## Given information
┌──

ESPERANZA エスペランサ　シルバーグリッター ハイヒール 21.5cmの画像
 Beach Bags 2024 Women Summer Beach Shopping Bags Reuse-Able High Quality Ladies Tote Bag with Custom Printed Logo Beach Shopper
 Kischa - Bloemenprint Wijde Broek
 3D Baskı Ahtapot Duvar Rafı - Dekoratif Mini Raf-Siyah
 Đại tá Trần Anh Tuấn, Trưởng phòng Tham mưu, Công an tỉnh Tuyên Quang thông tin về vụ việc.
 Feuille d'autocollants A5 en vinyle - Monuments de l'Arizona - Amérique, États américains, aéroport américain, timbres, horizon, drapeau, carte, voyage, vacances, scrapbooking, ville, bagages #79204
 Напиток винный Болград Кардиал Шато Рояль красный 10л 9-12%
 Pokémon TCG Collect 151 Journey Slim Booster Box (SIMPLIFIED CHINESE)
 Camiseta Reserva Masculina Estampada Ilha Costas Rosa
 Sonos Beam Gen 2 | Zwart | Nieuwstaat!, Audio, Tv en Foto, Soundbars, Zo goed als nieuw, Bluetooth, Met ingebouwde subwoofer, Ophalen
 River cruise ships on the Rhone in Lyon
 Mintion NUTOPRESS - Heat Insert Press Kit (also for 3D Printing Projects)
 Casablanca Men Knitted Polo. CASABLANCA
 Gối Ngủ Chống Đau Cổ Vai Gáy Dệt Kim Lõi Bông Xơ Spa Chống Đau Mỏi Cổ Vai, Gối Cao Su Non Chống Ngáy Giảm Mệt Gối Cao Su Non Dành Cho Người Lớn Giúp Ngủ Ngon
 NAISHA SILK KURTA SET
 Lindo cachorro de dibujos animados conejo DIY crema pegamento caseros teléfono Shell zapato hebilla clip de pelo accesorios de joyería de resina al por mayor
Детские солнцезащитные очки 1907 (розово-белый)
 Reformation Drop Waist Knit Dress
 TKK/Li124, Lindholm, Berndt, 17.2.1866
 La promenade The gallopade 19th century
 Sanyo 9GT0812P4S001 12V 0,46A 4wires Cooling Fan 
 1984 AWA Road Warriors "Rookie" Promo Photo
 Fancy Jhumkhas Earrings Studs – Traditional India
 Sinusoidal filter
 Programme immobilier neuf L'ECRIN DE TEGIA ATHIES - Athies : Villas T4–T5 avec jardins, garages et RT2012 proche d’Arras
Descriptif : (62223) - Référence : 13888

└──

## Task brief
Please print exactly the lines from the one containing "Camiseta Reserva Masculina" through the last line of the material.

## Task result
 Camiseta Reserva Masculina Estampada Ilha Costas Rosa
 Sonos Beam Gen 2 | Zwart | Nieuwstaat!, Audio, Tv en Foto, Soundbars, Zo goed als nieuw, Bluetooth, Met ingebouwde subwoofer, Ophalen
 River cruise ships on the Rhone in Lyon
 Mintion NUTOPRESS - Heat Insert Press Kit (also for 3D Printing Projects)
 Casablanca Men Knitted Polo. CASABLANCA
 Gối Ngủ Chống Đau Cổ Vai Gáy Dệt Kim Lõi Bông Xơ Spa Chống Đau Mỏi Cổ Vai, Gối Cao Su Non Chống Ngáy Giảm Mệt Gối Cao Su Non Dành Cho Người Lớn Giúp Ngủ Ngon
 NAISHA SILK KURTA SET
 Lindo cachorro de dibujos animados conejo DIY crema pegamento caseros teléfono Shell zapato hebilla clip de pelo accesorios de joyería de resina al por mayor
Детские солнцезащитные очки 1907 (розово-белый)
 Reformation Drop Waist Knit Dress
 TKK/Li124, Lindholm, Berndt, 17.2.1866
 La promenade The gallopade 19th century
 Sanyo 9GT0812P4S001 12V 0,46A 4wires Cooling Fan 
 1984 AWA Road Warriors "Rookie" Promo Photo
 Fancy Jhumkhas Earrings Studs – Traditional India
 Sinusoidal filter
 Programme immobilier neuf L'ECRIN DE TEGIA ATHIES - Athies : Villas T4–T5 avec jardins, garages et RT2012 proche d’Arras
Descriptif : (62223) - Référence : 13888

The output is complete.